Security patterns

Authorization

Authorization is the gatekeeper for securing private resources by preventing unauthorized access. Examples of private resources are:

  • Contents of a private repository
  • Endpoints that can only be called by certain users (e.g. site admins)
  • User settings or organization settings

Current forms of authorization in Sourcegraph include:

  • Site admin roles
  • Organization memberships
  • Batch changes permissions
  • Repository permissions
  • Same-user validation

As a standard practice, users who do not have access to a given private resource should not be aware of the existence of that private resource. When only part of a resource is restricted by authorization limitations, it is reasonable to prompt the user that some resources are not available due to insufficient permissions. However, we must not provide anything that indicates what those restricted resources might be.

Enforce authorization

In Sourcegraph, there are two places to enforce authorization, both equally important:

  • At the GraphQL layer:
    • Some endpoints are restricted to certain users (e.g. site admins or the same user).
    • Be aware that any backend failure has the potential to indicate unauthorized information about private resources. Therefore, halt the process as soon as we identify an unauthorized request, and behave as if the resource does not exist at all.
  • At the database layer:
    • The database is our source of truth for authorization, especially for repository and batch changes permissions.
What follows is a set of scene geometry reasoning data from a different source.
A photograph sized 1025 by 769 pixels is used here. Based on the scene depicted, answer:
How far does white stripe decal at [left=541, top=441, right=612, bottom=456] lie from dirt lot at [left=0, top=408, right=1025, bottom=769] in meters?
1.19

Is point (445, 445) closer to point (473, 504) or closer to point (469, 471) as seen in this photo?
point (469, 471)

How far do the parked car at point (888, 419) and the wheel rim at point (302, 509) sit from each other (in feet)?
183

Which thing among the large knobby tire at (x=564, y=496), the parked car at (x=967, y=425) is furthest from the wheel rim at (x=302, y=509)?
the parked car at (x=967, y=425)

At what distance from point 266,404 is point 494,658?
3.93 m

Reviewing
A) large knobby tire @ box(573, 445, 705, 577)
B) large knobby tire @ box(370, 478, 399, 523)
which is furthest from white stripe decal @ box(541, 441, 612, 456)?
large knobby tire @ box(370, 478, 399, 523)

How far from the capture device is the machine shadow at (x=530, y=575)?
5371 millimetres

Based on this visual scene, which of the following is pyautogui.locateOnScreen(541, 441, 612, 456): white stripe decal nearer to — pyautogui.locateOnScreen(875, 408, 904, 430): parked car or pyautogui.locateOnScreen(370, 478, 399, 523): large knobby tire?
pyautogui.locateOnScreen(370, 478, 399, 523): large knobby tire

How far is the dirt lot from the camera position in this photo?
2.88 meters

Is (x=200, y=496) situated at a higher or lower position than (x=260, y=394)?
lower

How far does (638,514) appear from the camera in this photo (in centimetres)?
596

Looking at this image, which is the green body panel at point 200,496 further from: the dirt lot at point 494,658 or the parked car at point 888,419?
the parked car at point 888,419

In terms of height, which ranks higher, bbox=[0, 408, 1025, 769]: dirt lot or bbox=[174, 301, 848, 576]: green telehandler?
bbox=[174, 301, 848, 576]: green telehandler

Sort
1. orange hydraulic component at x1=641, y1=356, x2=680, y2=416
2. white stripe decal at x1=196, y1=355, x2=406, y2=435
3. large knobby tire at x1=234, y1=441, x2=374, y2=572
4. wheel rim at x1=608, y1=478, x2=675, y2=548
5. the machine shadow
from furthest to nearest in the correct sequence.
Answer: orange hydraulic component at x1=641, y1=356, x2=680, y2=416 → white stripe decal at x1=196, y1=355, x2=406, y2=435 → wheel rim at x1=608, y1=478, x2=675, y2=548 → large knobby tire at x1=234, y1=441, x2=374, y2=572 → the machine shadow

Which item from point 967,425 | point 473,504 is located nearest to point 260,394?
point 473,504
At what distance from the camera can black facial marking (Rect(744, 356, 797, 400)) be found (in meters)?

Enforcing authorization at this layer is absolutely necessary.

Authorization implementation

Within our Go code, such as the frontend and repo-updater services, metadata representing the current user or actor is kept within the current context. It can be accessed using actor.FromContext(ctx).

Actors

The Actor type represents the current actor. In most cases, this is the user who issued the request.

More specifically, an actor will be one of these three cases:

  1. An authenticated user, in which case the UID field will be set to a non-zero value.
  2. A guest user, in which case the UID field will be zero.
  3. An internal actor, which indicates that the current operation was started by an internal Sourcegraph process.

Checking authorization

Care must be taken when checking an actor: it's possible to have a context that doesn't have an actor at all, in which case actor.FromContext() will return nil.
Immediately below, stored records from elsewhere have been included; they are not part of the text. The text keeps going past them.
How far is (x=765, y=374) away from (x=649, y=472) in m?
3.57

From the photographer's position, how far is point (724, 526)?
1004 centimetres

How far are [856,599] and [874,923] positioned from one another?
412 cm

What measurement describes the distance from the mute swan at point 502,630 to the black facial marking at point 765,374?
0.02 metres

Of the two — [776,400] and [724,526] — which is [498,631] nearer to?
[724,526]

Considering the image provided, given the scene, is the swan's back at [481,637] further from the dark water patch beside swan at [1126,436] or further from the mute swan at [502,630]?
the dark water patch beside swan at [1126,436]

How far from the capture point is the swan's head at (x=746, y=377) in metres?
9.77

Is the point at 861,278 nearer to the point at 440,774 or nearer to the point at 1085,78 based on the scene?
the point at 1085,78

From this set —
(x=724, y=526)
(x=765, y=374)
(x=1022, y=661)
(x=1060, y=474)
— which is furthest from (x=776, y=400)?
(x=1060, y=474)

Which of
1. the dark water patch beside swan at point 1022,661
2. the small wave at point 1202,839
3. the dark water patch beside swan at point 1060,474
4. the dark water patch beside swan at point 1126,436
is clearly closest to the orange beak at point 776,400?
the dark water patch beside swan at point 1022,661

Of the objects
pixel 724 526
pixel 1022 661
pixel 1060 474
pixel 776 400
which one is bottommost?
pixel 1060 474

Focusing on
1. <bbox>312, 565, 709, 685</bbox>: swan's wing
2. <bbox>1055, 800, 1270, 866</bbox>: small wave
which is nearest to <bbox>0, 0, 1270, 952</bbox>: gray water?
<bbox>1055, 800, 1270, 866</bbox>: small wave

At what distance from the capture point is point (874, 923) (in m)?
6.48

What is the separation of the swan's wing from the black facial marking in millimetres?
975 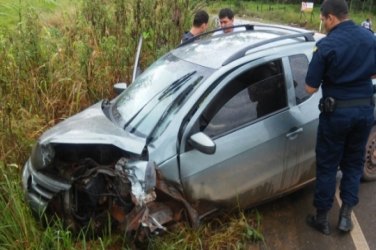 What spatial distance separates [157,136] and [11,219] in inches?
53.3

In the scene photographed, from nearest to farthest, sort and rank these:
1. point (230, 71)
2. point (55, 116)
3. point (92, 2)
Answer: point (230, 71) < point (55, 116) < point (92, 2)

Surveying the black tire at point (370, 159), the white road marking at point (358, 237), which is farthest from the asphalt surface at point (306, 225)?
the black tire at point (370, 159)

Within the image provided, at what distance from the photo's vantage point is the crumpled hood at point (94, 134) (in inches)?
125

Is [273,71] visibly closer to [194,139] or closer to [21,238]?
[194,139]

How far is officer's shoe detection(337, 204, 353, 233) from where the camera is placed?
152 inches

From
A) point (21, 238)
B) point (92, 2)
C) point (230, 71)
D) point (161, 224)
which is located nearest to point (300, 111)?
Result: point (230, 71)

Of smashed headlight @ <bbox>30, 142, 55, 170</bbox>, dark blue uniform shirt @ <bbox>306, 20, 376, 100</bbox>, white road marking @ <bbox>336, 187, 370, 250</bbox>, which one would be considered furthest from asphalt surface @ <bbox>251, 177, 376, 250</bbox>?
smashed headlight @ <bbox>30, 142, 55, 170</bbox>

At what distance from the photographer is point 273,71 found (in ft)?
12.5

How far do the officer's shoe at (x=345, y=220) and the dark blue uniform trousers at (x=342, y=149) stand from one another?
56mm

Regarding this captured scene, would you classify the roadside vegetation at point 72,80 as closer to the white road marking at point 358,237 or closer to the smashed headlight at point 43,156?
the smashed headlight at point 43,156

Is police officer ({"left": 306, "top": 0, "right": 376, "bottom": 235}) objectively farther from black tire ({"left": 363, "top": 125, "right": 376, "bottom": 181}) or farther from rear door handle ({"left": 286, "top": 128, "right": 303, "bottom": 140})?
black tire ({"left": 363, "top": 125, "right": 376, "bottom": 181})

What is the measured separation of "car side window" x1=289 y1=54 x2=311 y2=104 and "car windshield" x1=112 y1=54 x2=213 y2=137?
822 millimetres

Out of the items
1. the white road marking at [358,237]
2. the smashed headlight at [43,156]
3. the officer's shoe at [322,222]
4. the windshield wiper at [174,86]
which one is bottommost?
the white road marking at [358,237]

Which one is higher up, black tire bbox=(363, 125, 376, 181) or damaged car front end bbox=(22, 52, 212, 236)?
damaged car front end bbox=(22, 52, 212, 236) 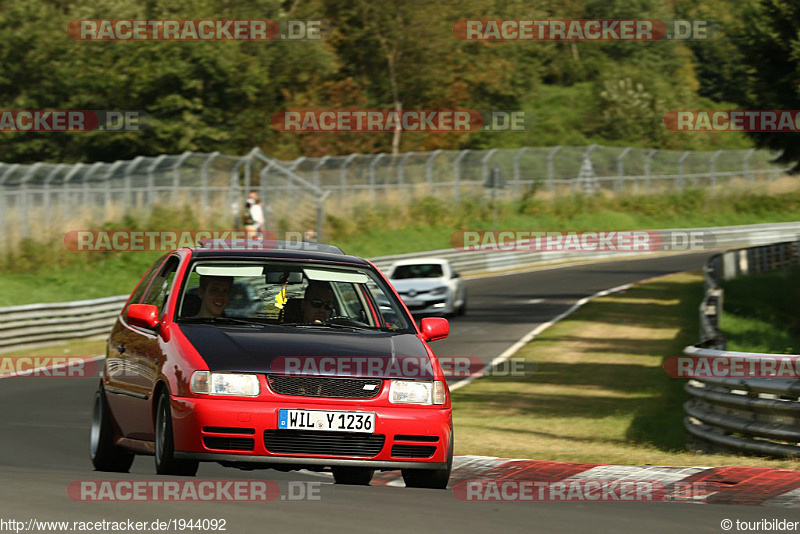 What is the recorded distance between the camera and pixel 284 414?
780 centimetres

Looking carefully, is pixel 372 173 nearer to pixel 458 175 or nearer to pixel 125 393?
pixel 458 175

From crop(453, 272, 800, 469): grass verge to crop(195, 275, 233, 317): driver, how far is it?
3995 millimetres

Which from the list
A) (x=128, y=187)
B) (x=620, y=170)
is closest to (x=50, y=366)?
(x=128, y=187)

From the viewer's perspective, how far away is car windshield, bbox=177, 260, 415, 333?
8.74 metres

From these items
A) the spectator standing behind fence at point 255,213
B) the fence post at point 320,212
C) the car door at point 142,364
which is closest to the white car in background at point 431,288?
the spectator standing behind fence at point 255,213

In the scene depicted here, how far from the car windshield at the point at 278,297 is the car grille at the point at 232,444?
100cm

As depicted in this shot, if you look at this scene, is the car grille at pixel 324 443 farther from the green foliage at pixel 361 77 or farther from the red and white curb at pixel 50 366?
the green foliage at pixel 361 77

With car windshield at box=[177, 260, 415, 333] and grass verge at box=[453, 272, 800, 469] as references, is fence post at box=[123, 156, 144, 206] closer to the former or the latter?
grass verge at box=[453, 272, 800, 469]

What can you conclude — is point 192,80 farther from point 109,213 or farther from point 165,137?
point 109,213

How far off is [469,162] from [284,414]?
45.0 meters

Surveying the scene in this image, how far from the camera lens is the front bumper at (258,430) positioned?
774 centimetres

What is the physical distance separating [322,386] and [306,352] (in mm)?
236

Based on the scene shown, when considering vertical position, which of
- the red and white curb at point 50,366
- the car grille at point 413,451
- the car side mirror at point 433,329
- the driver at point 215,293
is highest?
the driver at point 215,293

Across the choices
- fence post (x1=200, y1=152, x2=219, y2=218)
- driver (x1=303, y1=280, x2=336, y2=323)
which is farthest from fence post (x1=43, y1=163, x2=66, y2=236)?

Code in cmd/frontend can take advantage of the helper functions available in cmd/frontend/backend such as CheckCurrentUserIsSiteAdmin and CheckSiteAdminOrSameUser. These functions already take the details of internal and user actors into account, and are the safest way to perform authorization checks at the frontend level (for example, in GraphQL resolvers).
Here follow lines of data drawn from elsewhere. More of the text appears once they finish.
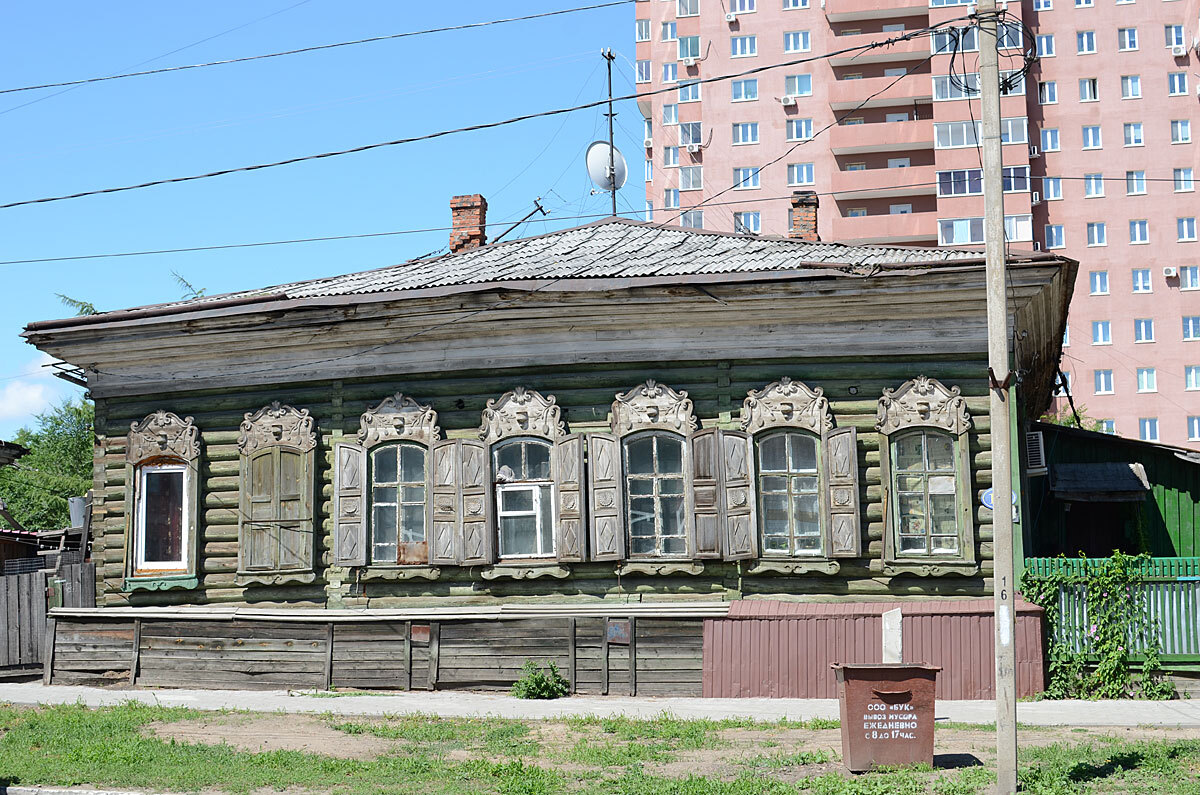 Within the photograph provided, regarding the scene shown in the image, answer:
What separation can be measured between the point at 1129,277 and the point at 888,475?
45.2 meters

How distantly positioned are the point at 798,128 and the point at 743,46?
17.9ft

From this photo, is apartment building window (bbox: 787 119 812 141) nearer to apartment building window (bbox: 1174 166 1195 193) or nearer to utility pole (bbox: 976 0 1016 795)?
apartment building window (bbox: 1174 166 1195 193)

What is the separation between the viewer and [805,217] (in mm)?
18672

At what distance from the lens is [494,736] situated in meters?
11.1

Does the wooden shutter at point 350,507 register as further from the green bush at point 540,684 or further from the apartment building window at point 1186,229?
the apartment building window at point 1186,229

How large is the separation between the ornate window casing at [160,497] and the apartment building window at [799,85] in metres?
49.4

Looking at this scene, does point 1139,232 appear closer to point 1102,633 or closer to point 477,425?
point 1102,633

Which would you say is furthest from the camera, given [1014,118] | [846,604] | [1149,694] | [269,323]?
[1014,118]

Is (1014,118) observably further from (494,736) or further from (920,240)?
(494,736)

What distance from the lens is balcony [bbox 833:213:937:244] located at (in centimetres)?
5494

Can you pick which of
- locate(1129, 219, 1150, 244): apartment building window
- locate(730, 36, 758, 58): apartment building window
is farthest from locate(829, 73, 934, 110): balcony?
locate(1129, 219, 1150, 244): apartment building window

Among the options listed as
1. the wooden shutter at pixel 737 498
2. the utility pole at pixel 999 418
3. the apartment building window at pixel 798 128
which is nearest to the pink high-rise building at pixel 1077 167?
the apartment building window at pixel 798 128

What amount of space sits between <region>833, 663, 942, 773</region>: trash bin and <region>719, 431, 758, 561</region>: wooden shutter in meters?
4.93

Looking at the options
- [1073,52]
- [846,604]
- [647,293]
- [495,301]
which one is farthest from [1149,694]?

Below the frontend level, or in other commands, you'll need to implement more of your own authorization logic. Two nil-safe methods are provided on the Actor type: IsAuthenticated() and IsInternal(), which are always safe to call. The UID field must only be accessed after calling IsAuthenticated().

As a general rule, internal actors should always be considered authorized, so your checks will often take this general form:

func isAuthorized(ctx context.Context, uid int32) bool {
    actor := actor.FromContext(ctx)
    if actor.IsInternal() {
        return true
    }
    if !actor.IsAuthenticated() {
        return false
    }
    if actor.UID == uid {
        return true
    }

    // Get the user by ID and check admin status if necessary.
}

Secret management

Secrets used by our applications are stored in GCP Secret Manager, never in source code unless it is mock/test data. Internal documentation on how to store/consume secrets for development can be found in this document.